Analysts have compared the Tumblr decision in relationship to AOL Inc.'s (NYSE: AOL) buyout of The Huffington Post and Google Inc.'s (NASDAQ: GOOG) purchase of YouTube. The three deals actually have little in common. AOL paid $315 million two years ago, a reasonable multiple give Huffington's $60 million in sales the year before. In the process, AOL transformed the quality of its editorial content overnight. Google's 2006 buyout of YouTube for $1.65 billion was not much of a gamble, based on the search company's market cap and the fact the purchase was made with stock. Even if the decision has not paid off financially, it does put Google well ahead of all competition in the online video content business. Most experts believe YouTube eventually will pay off as the value of online video advertising rises.
The Yahoo! move with Tumblr represents one of the few deals the portal company could afford as part of a plan to take a large position in social media. As of March 31, Yahoo! had $5.4 billion in cash, short-term securities and long-term marketable securities. Twitter's value has been estimated at more than $8 billion, which puts it out of Yahoo!'s reach. With Tumblr's 29 million unique visitors in the United States, according to Comscore, Yahoo! could not find a larger acquisition to target Web 2.0 users. Yahoo! can reason Tumblr's growth rate justifies the purchase price, along with Yahoo! advertising expertise that should allow its to build Tumblr's revenue.

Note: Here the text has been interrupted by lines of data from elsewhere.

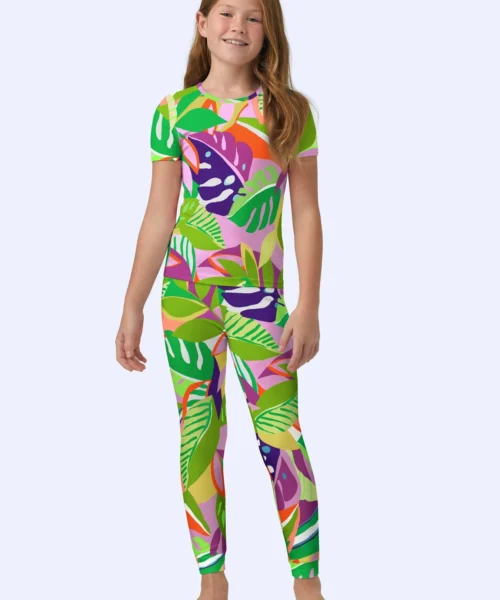 BedHead X Trina Turk Jungle Leaves Short Sleeve Stretch Jersey Kids PJ Set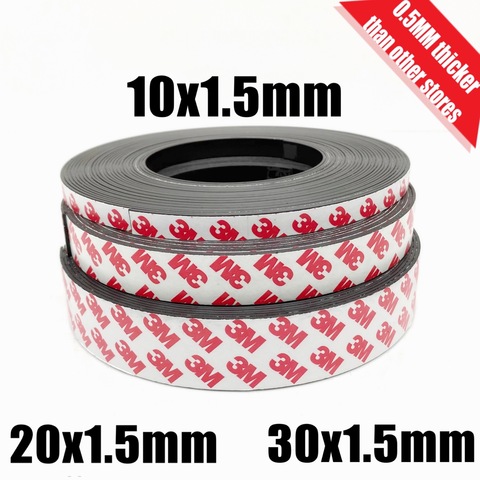 Bande magnétique en caoutchouc auto-adhésive, bande magnétique Flexible, largeur 10mm/20mm/30mm, 1 mètre/lot mm ► Photo 1/6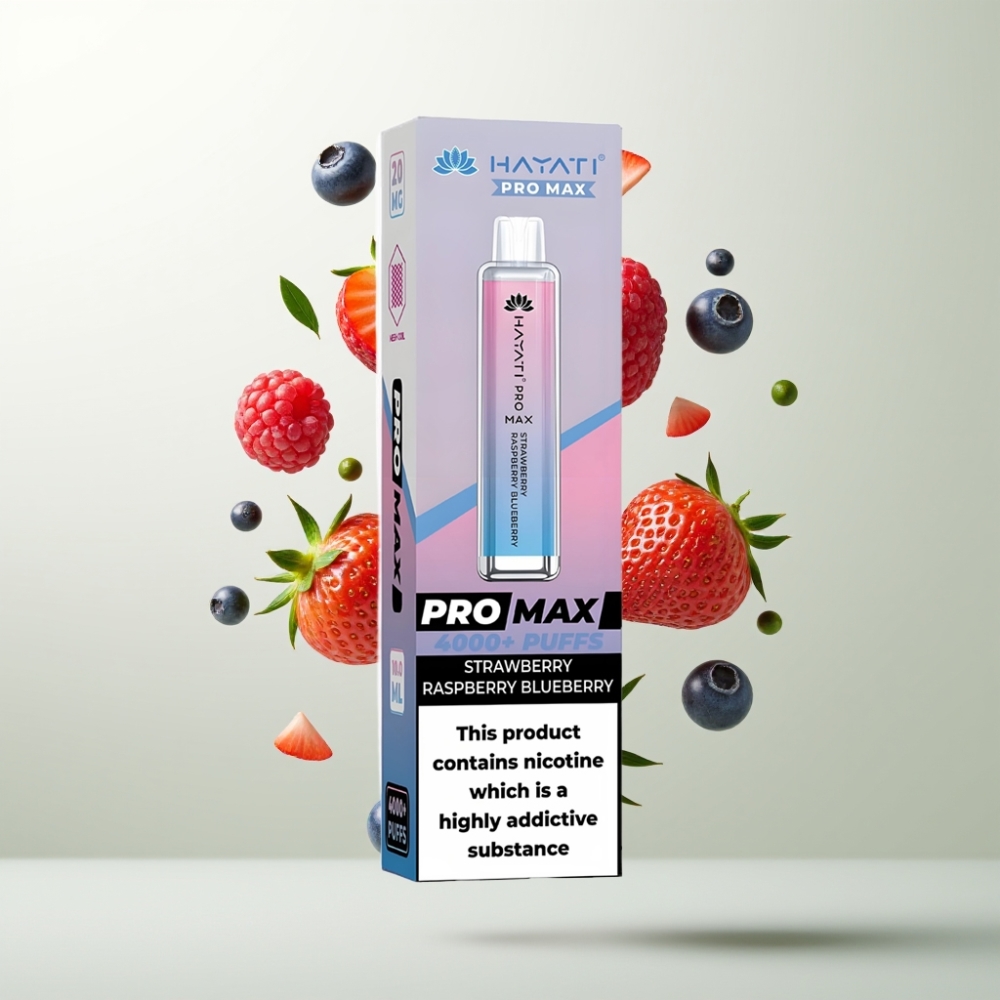 Hayati Pro Max 4000 Puffs E-liquide Rechargeable Batterie 1400mAh LED Aromes Fraise Framboise Myrtille TPD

Critics argue the advertisers will not want to be put next to some of Tumblr's more racy content, and the Tumblr users will find the presence of advertising offensive. Against that, Yahoo! can show that Facebook Inc. (NASDAQ: FB) faced the same hurdles just three or four years ago. The size of Facebook's audience won over advertisers. Facebook users found the service important enough that their objections to advertising were short lived. Yahoo! can argue it is reasonable to wager that Tumblr's revenue success may not be as fantastic as Facebook's because of the social network's size. However, based on their relative audiences, Tumblr's annual revenue could reach into the hundreds of millions of dollars. If that happens, the $1.1 billion price is reasonable.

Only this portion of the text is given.